Pas vraiment. Nous constatons que la grande distribution est aujourd’hui bien présente dans des régions rurales comme dans des régions urbaines.

À l’approche des fêtes de fin d’année, quelles sont les principales tendances de consommation qui vous semblent se dégager ?
En cette période de fin d’année, on prévoit une forte demande pour le poulet frais, particulièrement pendant les deux dernières semaines de l’année. Ainsi nous augmentons nos stocks de poulets surgelés pendant les mois d’octobre et novembre, afin de basculer l’ensemble de la production vers le frais.

On retrouve aussi comme chaque fin d’année, un engouement des consommateurs pour la dinde, qui est devenue une tradition à Maurice, les fruits de mer, le fromage frais et autres produits festifs comme les crèmes glacées et autres.

Comment voyez-vous évoluer les comportements du consommateur dans les prochaines années, compte tenu des horaires de travail décalés, liés aux emplois qui se terminent tard, avec leurs impacts sur les habitudes de consommation ?
À l’avenir, les consommateurs auront de moins en moins de temps et nous devons continuellement adapter notre offre de produits, afin de mieux les accompagner - des produits qui conviendront mieux aux consommateurs de demain.

Ainsi nous travaillons sans cesse sur le lancement de nouveaux produits locaux, sains, faciles et rapides à préparer, afin de faciliter la vie des ménagères.

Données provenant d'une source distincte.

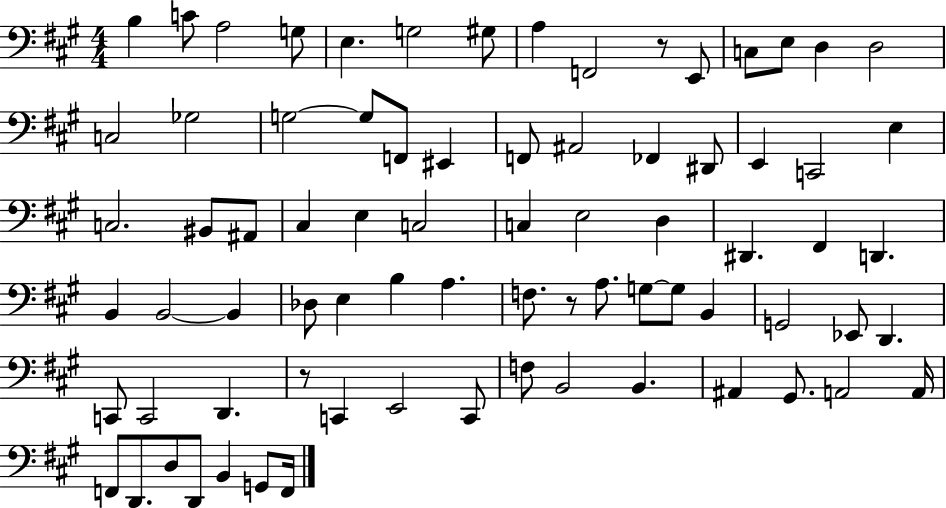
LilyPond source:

{
  \clef bass
  \numericTimeSignature
  \time 4/4
  \key a \major
  b4 c'8 a2 g8 | e4. g2 gis8 | a4 f,2 r8 e,8 | c8 e8 d4 d2 | \break c2 ges2 | g2~~ g8 f,8 eis,4 | f,8 ais,2 fes,4 dis,8 | e,4 c,2 e4 | \break c2. bis,8 ais,8 | cis4 e4 c2 | c4 e2 d4 | dis,4. fis,4 d,4. | \break b,4 b,2~~ b,4 | des8 e4 b4 a4. | f8. r8 a8. g8~~ g8 b,4 | g,2 ees,8 d,4. | \break c,8 c,2 d,4. | r8 c,4 e,2 c,8 | f8 b,2 b,4. | ais,4 gis,8. a,2 a,16 | \break f,8 d,8. d8 d,8 b,4 g,8 f,16 | \bar "|."
} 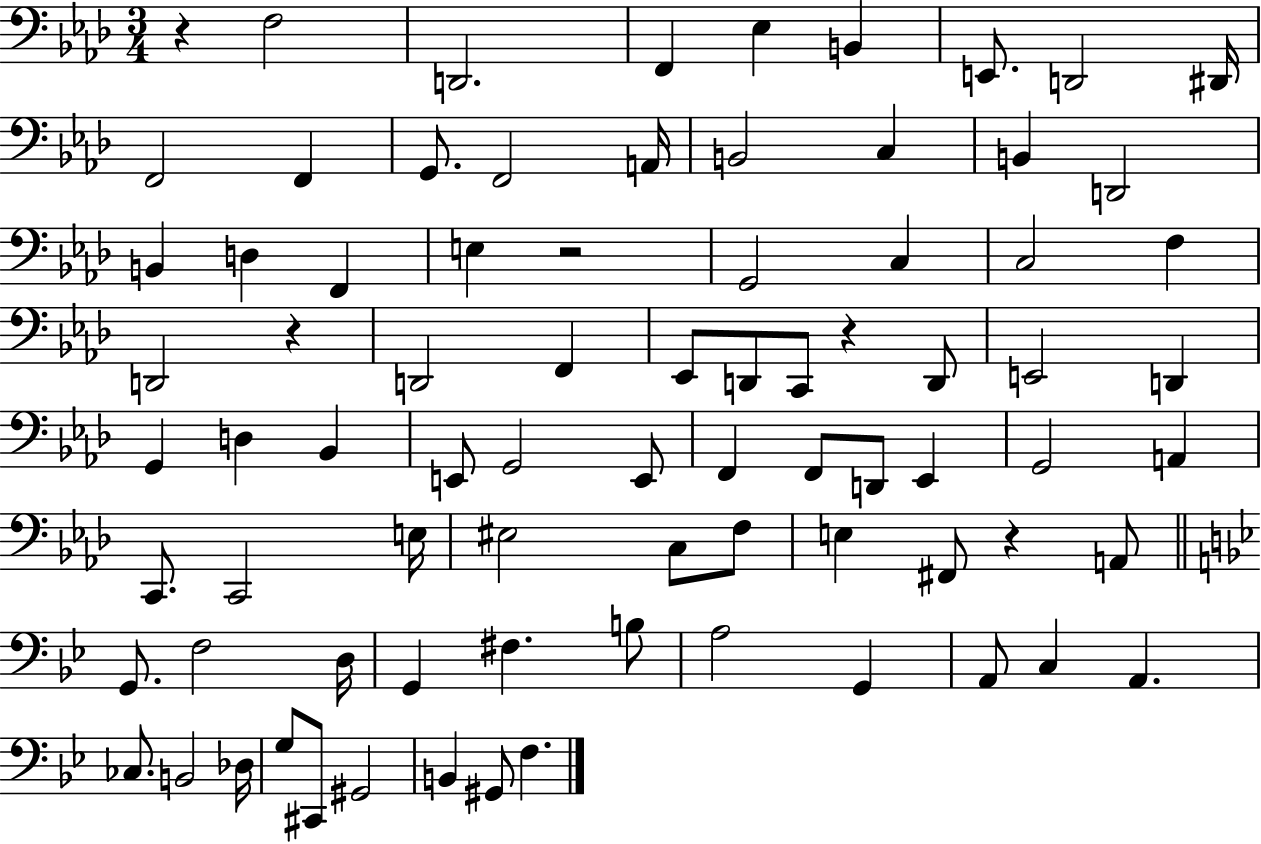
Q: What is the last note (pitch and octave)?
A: F3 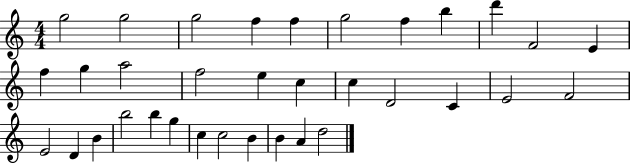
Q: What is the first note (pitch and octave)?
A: G5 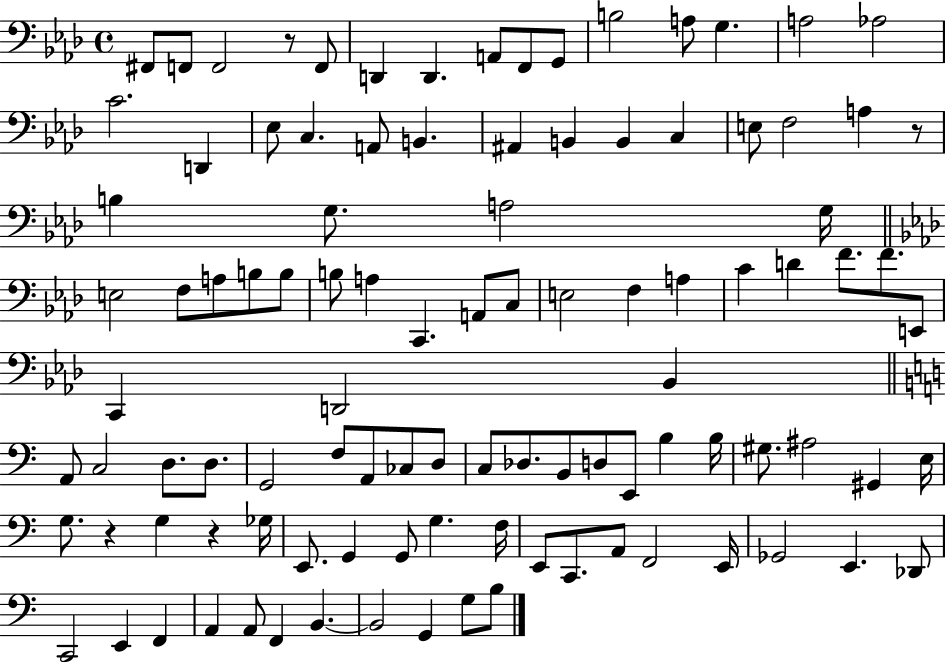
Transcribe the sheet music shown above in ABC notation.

X:1
T:Untitled
M:4/4
L:1/4
K:Ab
^F,,/2 F,,/2 F,,2 z/2 F,,/2 D,, D,, A,,/2 F,,/2 G,,/2 B,2 A,/2 G, A,2 _A,2 C2 D,, _E,/2 C, A,,/2 B,, ^A,, B,, B,, C, E,/2 F,2 A, z/2 B, G,/2 A,2 G,/4 E,2 F,/2 A,/2 B,/2 B,/2 B,/2 A, C,, A,,/2 C,/2 E,2 F, A, C D F/2 F/2 E,,/2 C,, D,,2 _B,, A,,/2 C,2 D,/2 D,/2 G,,2 F,/2 A,,/2 _C,/2 D,/2 C,/2 _D,/2 B,,/2 D,/2 E,,/2 B, B,/4 ^G,/2 ^A,2 ^G,, E,/4 G,/2 z G, z _G,/4 E,,/2 G,, G,,/2 G, F,/4 E,,/2 C,,/2 A,,/2 F,,2 E,,/4 _G,,2 E,, _D,,/2 C,,2 E,, F,, A,, A,,/2 F,, B,, B,,2 G,, G,/2 B,/2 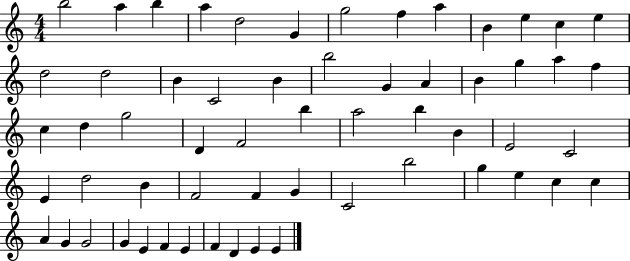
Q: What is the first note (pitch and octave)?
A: B5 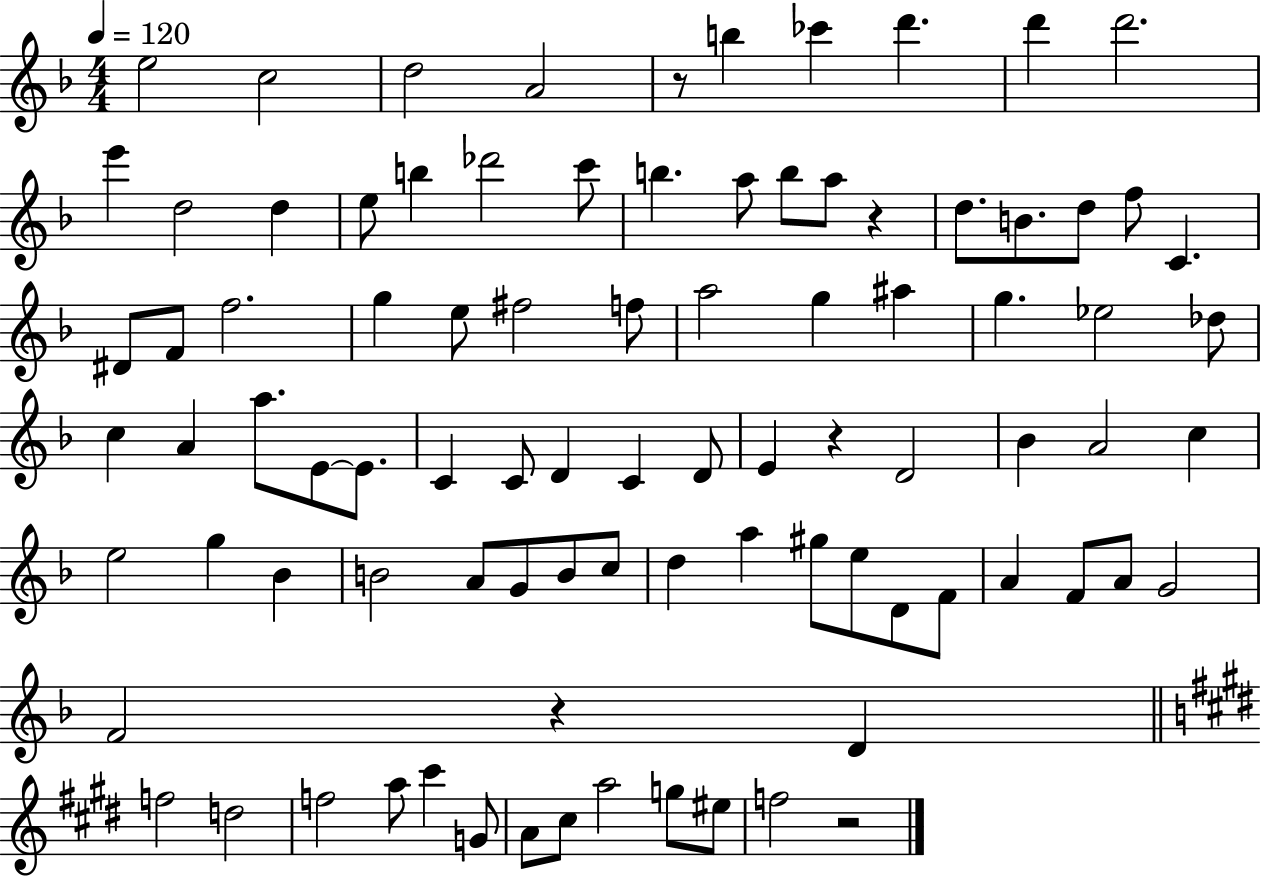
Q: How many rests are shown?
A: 5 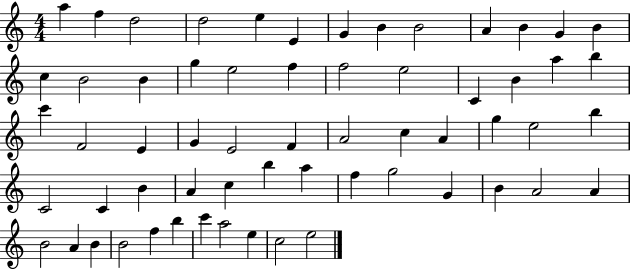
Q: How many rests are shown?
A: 0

Par rapport au conflit qui a opposé Innodis à un syndicat, comment souhaitez-vous que se règle cette affaire ?
Par le bon sens. Ce qui est dommage, c’est que les syndicats font fi des lois et des accords signés en insistant sur des décisions qui sont discrétionnaires à l’employeur. Et même après que nous ayons communiqué des décisions qui auraient dû répondre à leurs attentes, ils ont décidé, malgré tout de maintenir leurs positions. Il semblerait, par ailleurs, que leur négociateur chercherait à prendre la paternité de ces décisions.